Abstract
Background: Post-transplant lymphoproliferative disorder (PTLD) is a lymphoid neoplasm that arises in the context of immunosuppression following solid organ transplantation or hematopoietic stem cell transplantation (HSCT). Given its poor prognosis, PTLD is a clinically significant complication; however, its rarity has limited the accumulation of clinical and genomic data. While several studies have reported the genomic profiles of PTLD following solid organ transplantation, little is known about PTLD occurring after allogeneic HSCT. In this study, we aimed to characterize the clinical features and genomic landscape of PTLD after allogeneic HSCT to inform future therapeutic strategies.
Methods: We retrospectively analyzed patients who underwent allogeneic HSCT at our institution between 2006 and 2024. Clinical endpoints included the cumulative incidence of PTLD and overall survival (OS) following diagnosis. Only cases diagnosed by tissue biopsy were included. Competing risk analysis was used to estimate the cumulative incidence of PTLD, treating death from other causes as a competing event; Gray's test was applied for group comparisons. OS after PTLD onset was estimated using the Kaplan-Meier method and compared using the log-rank test. Whole-exome sequencing (WES) was performed using biopsy specimens obtained at PTLD diagnosis. Somatic variants were called against the hg19 reference genome and filtered by the following criteria: read depth <30, strand bias <0.05 or >0.95, and intronic/synonymous variants were excluded. Identified variants were compared with previously reported single nucleotide variants in PTLD after solid organ transplantation and DLBCL in immunocompetent individuals.

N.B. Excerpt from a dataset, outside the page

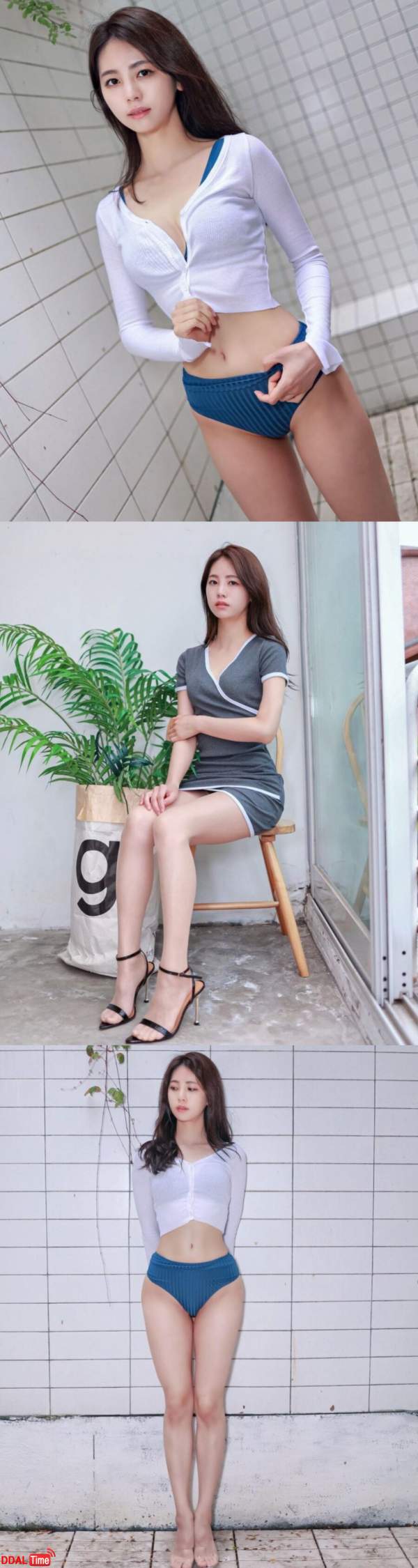 골반 엄청나신 필라테스 강사 이미지 #2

Results: Among 2,430 allogeneic HSCT recipients during the study period, 31 developed PTLD. Histological subtypes included 15 monomorphic cases (11 DLBCL, 1 CLL/SLL, 3 PTCL), 3 polymorphic, 4 non-destructive, 2 classical Hodgkin-like, and 7 unclassified cases. EBER in situ hybridization positivity was observed in 30 of 31 cases (96.8%). Regarding donor type, 1 patient received a transplant from a related donor, 7 from unrelated donors, and 23 from cord blood (CB) donors, with no T-cell-depleted transplantation performed. The 10-year cumulative incidence of PTLD was 1.6% (95% CI: 1.1–2.3%), with a median time to onset of 7.4 months (range: 1.9–99.3 months). There was no significant difference in incidence between cord blood and other donor types (10-year incidence: 1.7% vs. 1.7%, p = 0.82). OS at 1 year after PTLD diagnosis was 39.0% (95% CI, 21.7–55.9%). First-line therapy included rituximab monotherapy (n=17), R-CHOP (n=3), and other regimens (Brentuximab Vedotin, ABVD, etoposide, gemcitabine, or Pola-R; n=1 each); immunosuppression reduction was used in 3 cases (1 was untreated due to disease relapse; 2 were undocumented). Patients who achieved an overall (CR or PR) response to first-line therapy had a 1-year survival rate of 75.5%, compared to 8.3% in non-responders (p<0.01). WES was performed on 21 biopsy specimens from 17 patients (monomorphic PTLD: n=8 [DLBCL n=5, PTCL n=3], classical Hodgkin-like PTLD: n=2, polymorphic PTLD: n=2, non-destructive PTLD: n=2, unclassified: n=3). The most frequently mutated gene was KMT2D (n=3, 18.8%), followed by SPEN, FAS, ZEB2, MGA, TLN2, NOTCH1, NOTCH2, HMCN1, FUT5, DNMT1, and DNAH5 (each n=2, 12.5%). Pathway classification revealed frequent alterations in epigenetic regulators and transport/metabolism-related genes (n=6 each), followed by transcription factors involved in lymphocyte differentiation (n=5), NOTCH signaling (n=3), and JAK-STAT and apoptosis-related pathways (n=2 each).
Conclusion: PTLD following allogeneic HSCT is a rare complication with a 10-year cumulative incidence of 1.5%, and the 1-year overall survival of affected patients was 36%, indicating a poor prognosis. Lack of response to initial therapy was significantly associated with worse prognosis. The mutation profile observed in our cohort showed partial similarity to that reported in post-solid organ transplant PTLD or DLBCL among immunocompromised hosts. However, the number of detected mutations was low, and commonly reported mutations such as TP53 and MYC were not observed. This may be due to the fact that PTLD in the setting of profound immunosuppression following allogeneic HSCT is frequently EBV-driven, and a large proportion of our cohort consisted of CB recipients, who are known to experience delayed immune reconstitution.